INSTRUCTIONS TO FOLLOW: With the pictures omitted, print exactly the lines below, from the one containing "Cover Direct-to-garment Printing" through the one containing "Revlon By Marchesa", and nothing else.

==========

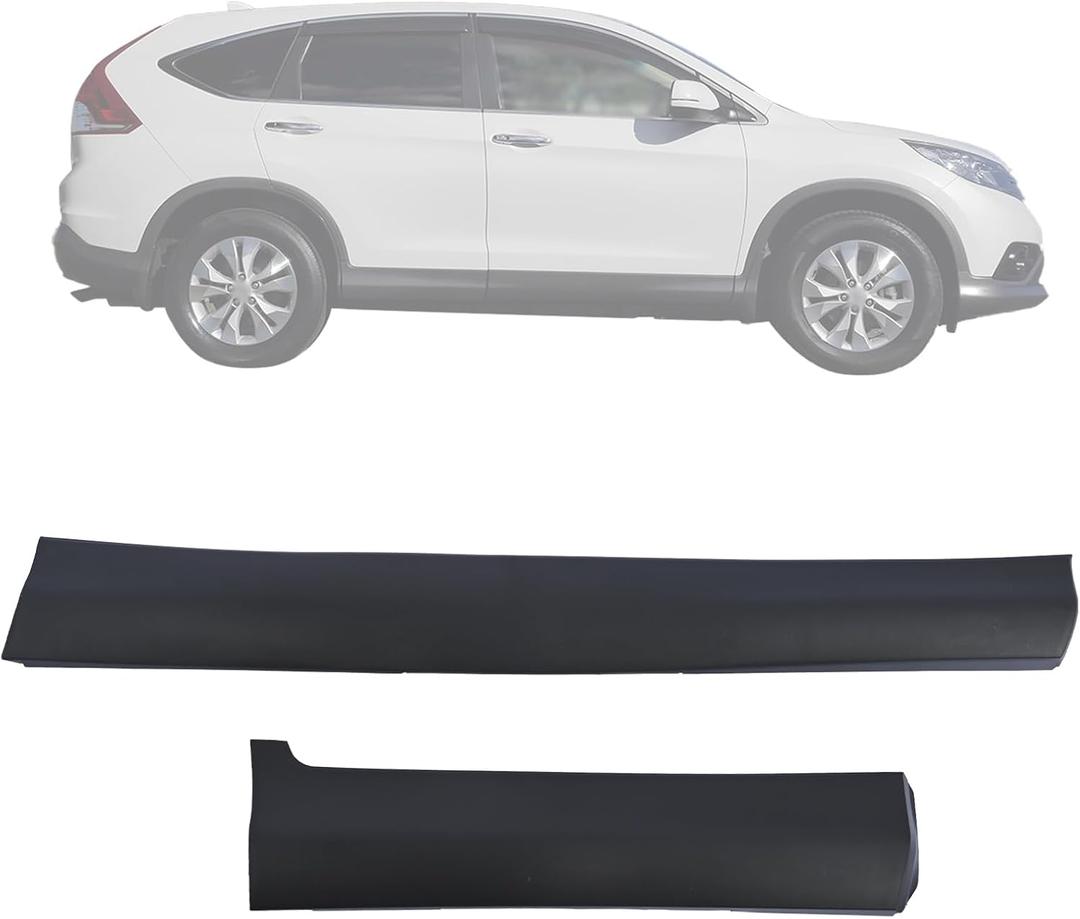 Front&Rear Door Lower Molding Passenger Side Compatible with Honda CR-V 2.4L l4 2012 2013 2014 2015 2016 Replace 75312-T0A-A01 75313-T0A-A01 Door Garnish Panel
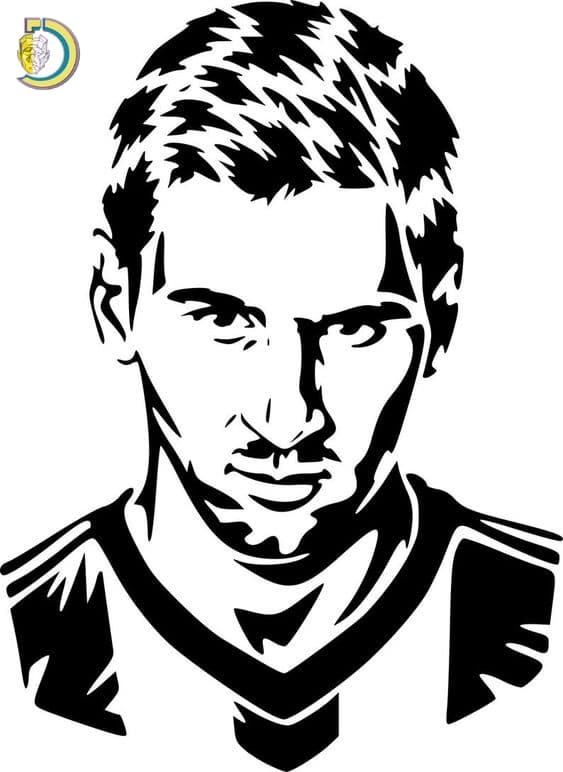 Lionel Messi Face Free Vector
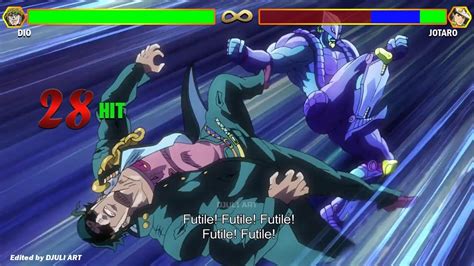 Jotaro Vs Dio With Healthbars Part 2 2nd Upload Youtube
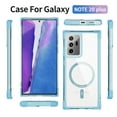 thumbnail image 5 of SaniMore for Samsung Galaxy Note 20 Ultra Magnetic Case, [Wireless Charging] Crystal-clear Rugged PC Back Back Skin-feel Shockproof Strong Drop Resistant Slim Shell Car Mount, Blue, 5 of 8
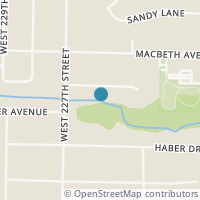 Map location of 22585 Bard Ave, Fairview Park OH 44126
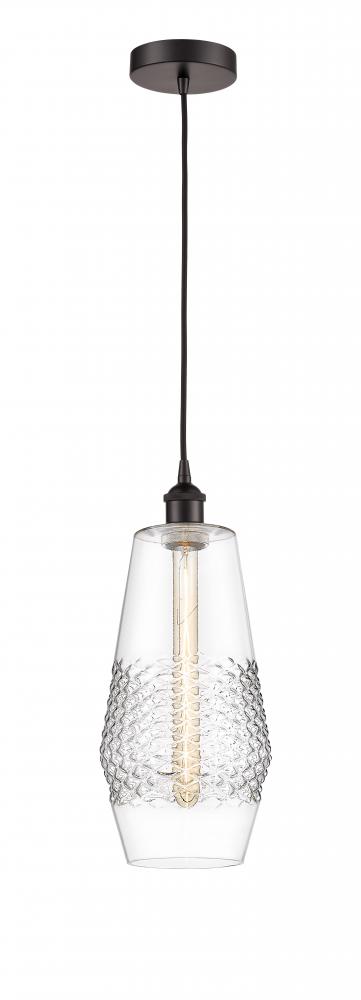 Windham - 1 Light - 7 inch - Oil Rubbed Bronze - Cord hung - Mini Pendant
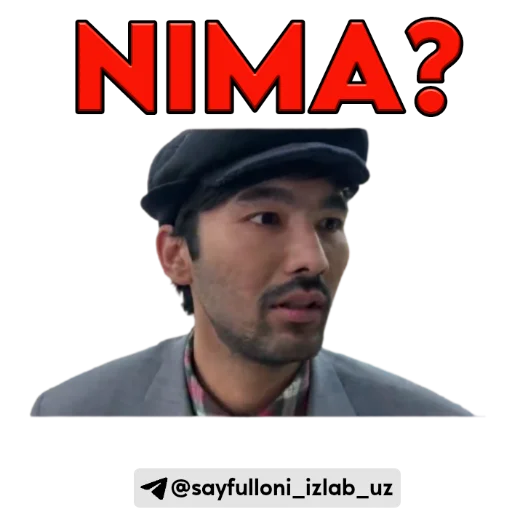 ❓ Стикер «kanali uchun.» для Telegram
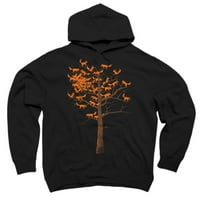 Blazding za drveni ugljen sivi grafički pulover Hoodie - dizajn od strane ljudi s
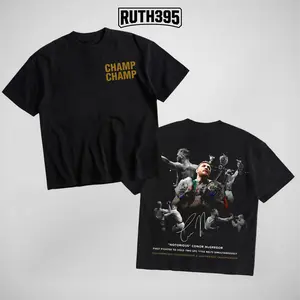 Conor "The Notorious" McGregor Double Champion Signature Heavy Cotton T-shirt/Hoodie UFC Pound For Pound Shirt MMA Fan Apparel Pump Cover Direct-to-garment Printing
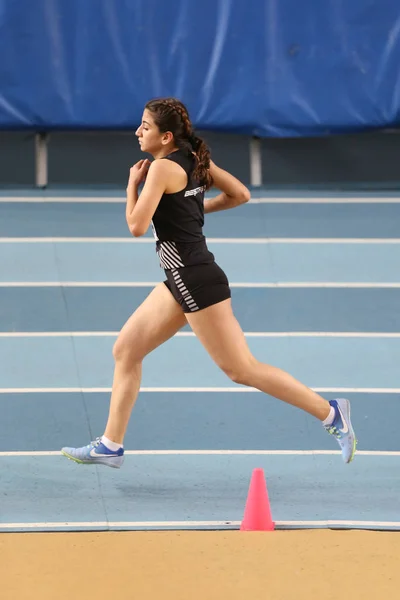 Turkish Athletic Federation Indoor Athletics Record Attempt Race — Stock Photo, Image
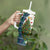 Nicaragua Christmas Tumbler With Handle with Santa Cooking Gallina Rellena Tree Flag and Festive Icons Design - Wonder Print Shop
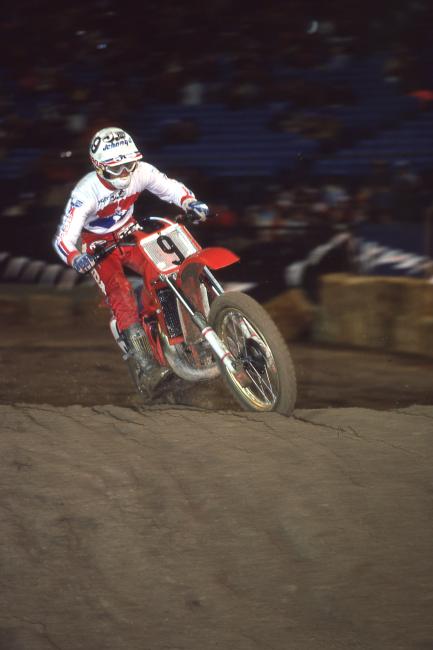 Johnny O’Mara was beginning to assert himself as a supercross rider and potential champion in 1982.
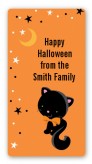 Black Cat - Custom Rectangle Halloween Sticker/Labels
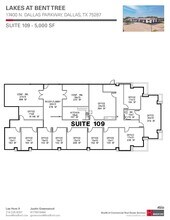 17400 N Dallas Pky, Dallas, TX à louer Plan d’étage– Image 1 sur 1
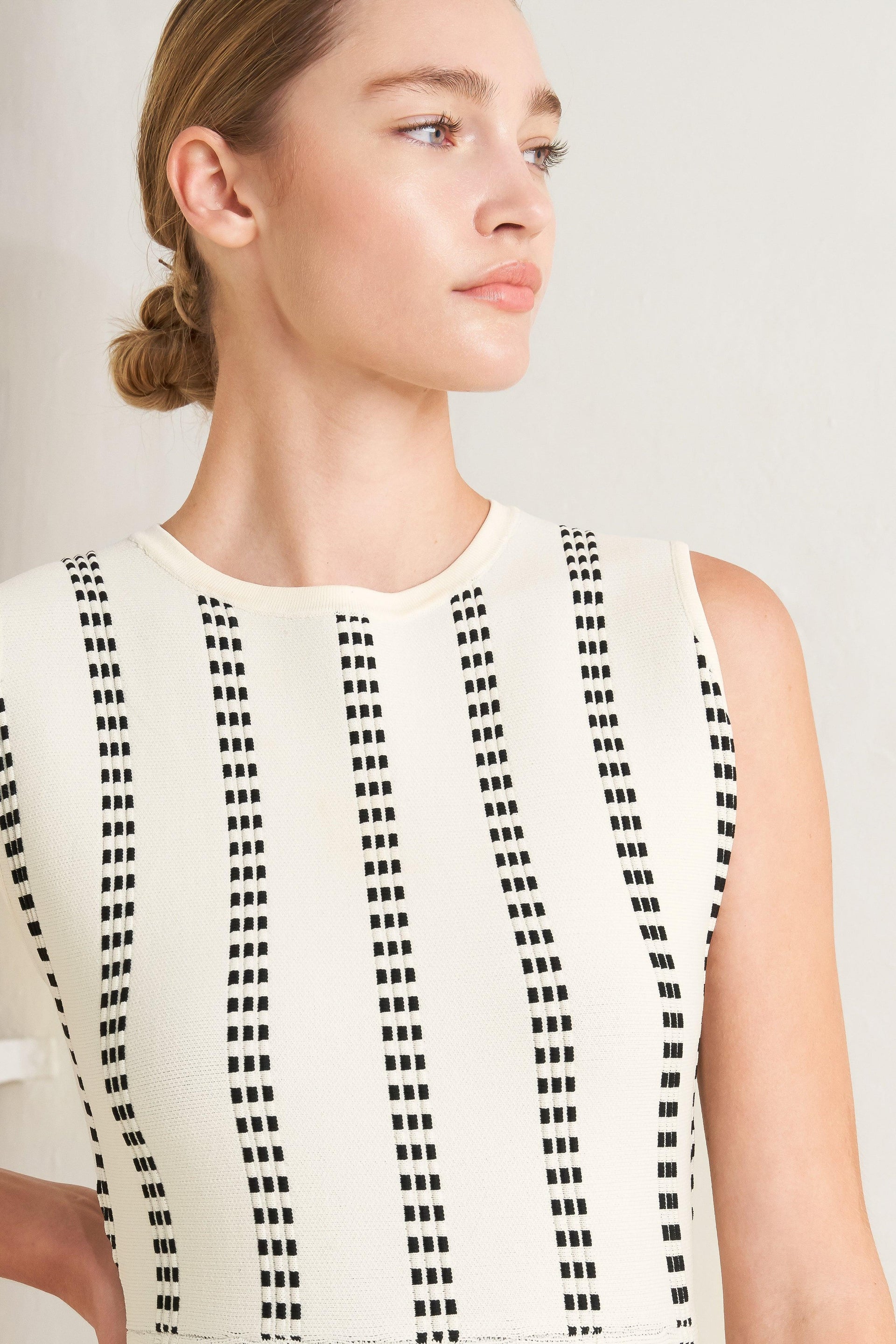 PERFECTLY POISED JACQUARD SWEATER MIDI DRESS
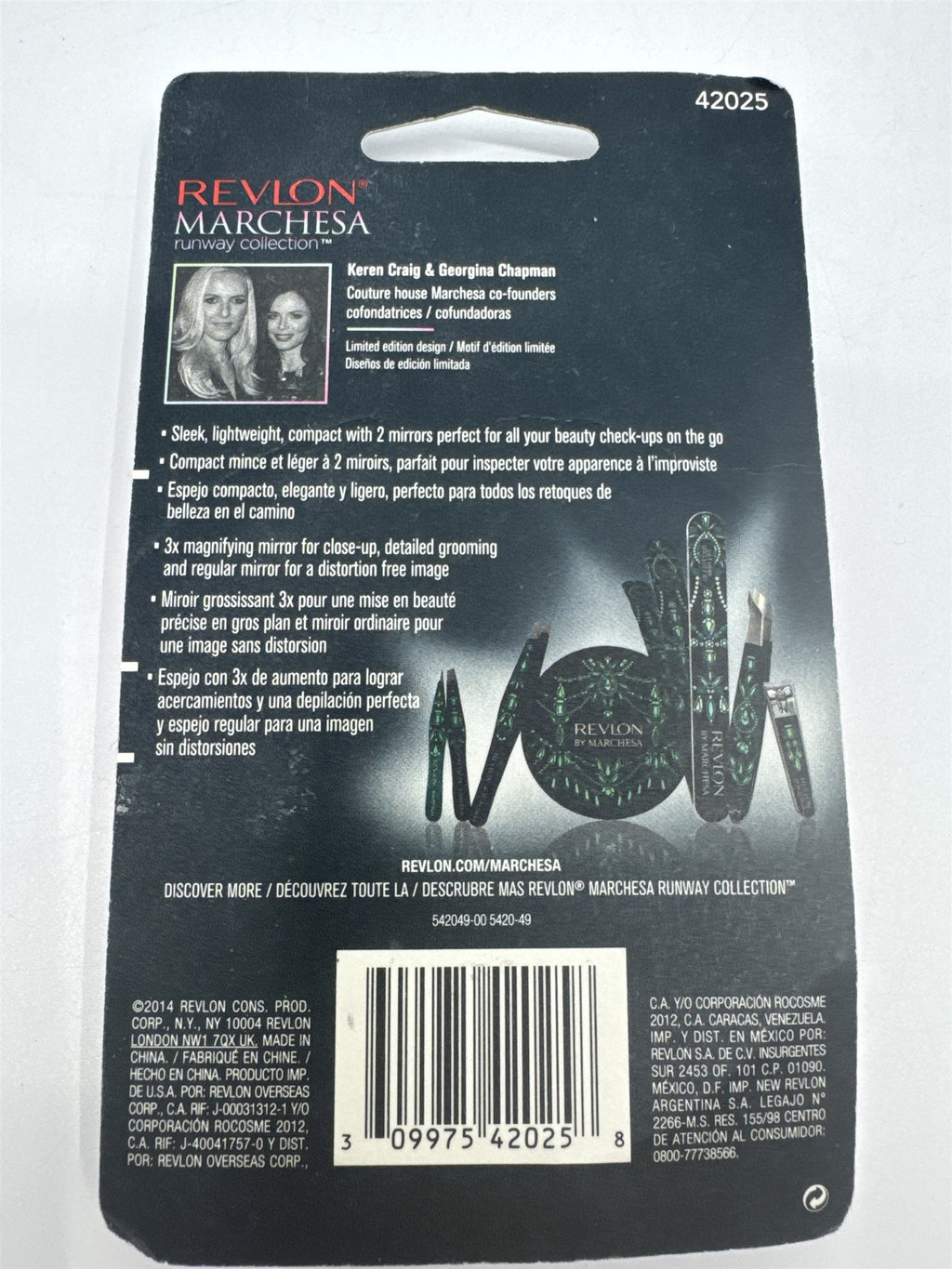 Revlon By Marchesa 3X Zoom And Normal Pink Mirror Runway Collection Sealed
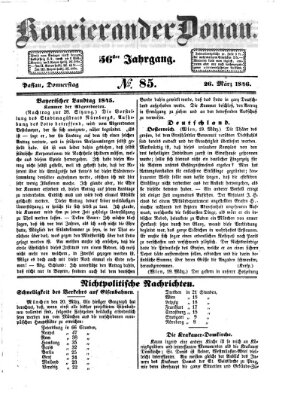 Kourier an der Donau (Donau-Zeitung) Donnerstag 26. März 1846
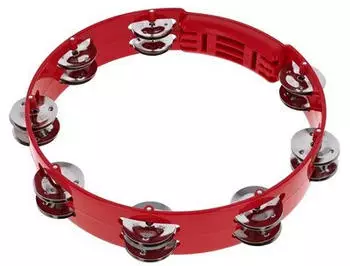 Meinl Headliner Doppelreihiges 10"-Tour-Tamburin mit Stahlschellen Rot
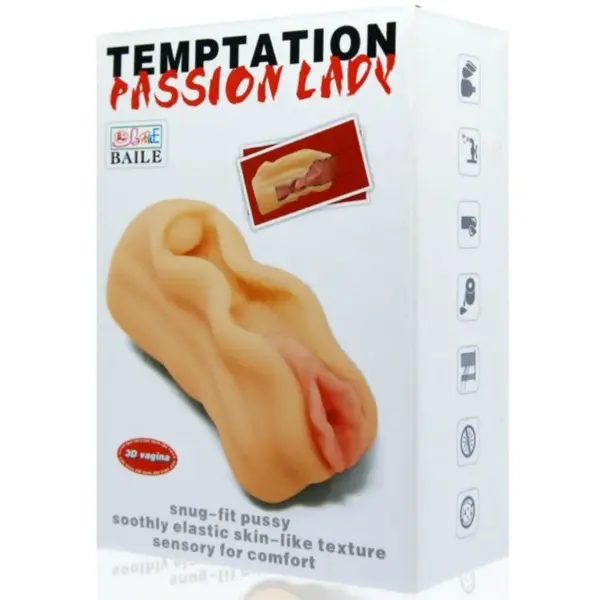 Baile - Mini Masturbador Masculino Diseño Labios Vagina - Imagen 5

==========

SOLUTION:
 Conor "The Notorious" McGregor Double Champion Signature Heavy Cotton T-shirt/Hoodie UFC Pound For Pound Shirt MMA Fan Apparel Pump Cover Direct-to-garment Printing
 Turkish Athletic Federation Indoor Athletics Record Attempt Race — Stock Photo, Image
 Nicaragua Christmas Tumbler With Handle with Santa Cooking Gallina Rellena Tree Flag and Festive Icons Design - Wonder Print Shop
 Johnny O’Mara was beginning to assert himself as a supercross rider and potential champion in 1982.
 Black Cat - Custom Rectangle Halloween Sticker/Labels
 17400 N Dallas Pky, Dallas, TX à louer Plan d’étage– Image 1 sur 1
 PERFECTLY POISED JACQUARD SWEATER MIDI DRESS
 Revlon By Marchesa 3X Zoom And Normal Pink Mirror Runway Collection Sealed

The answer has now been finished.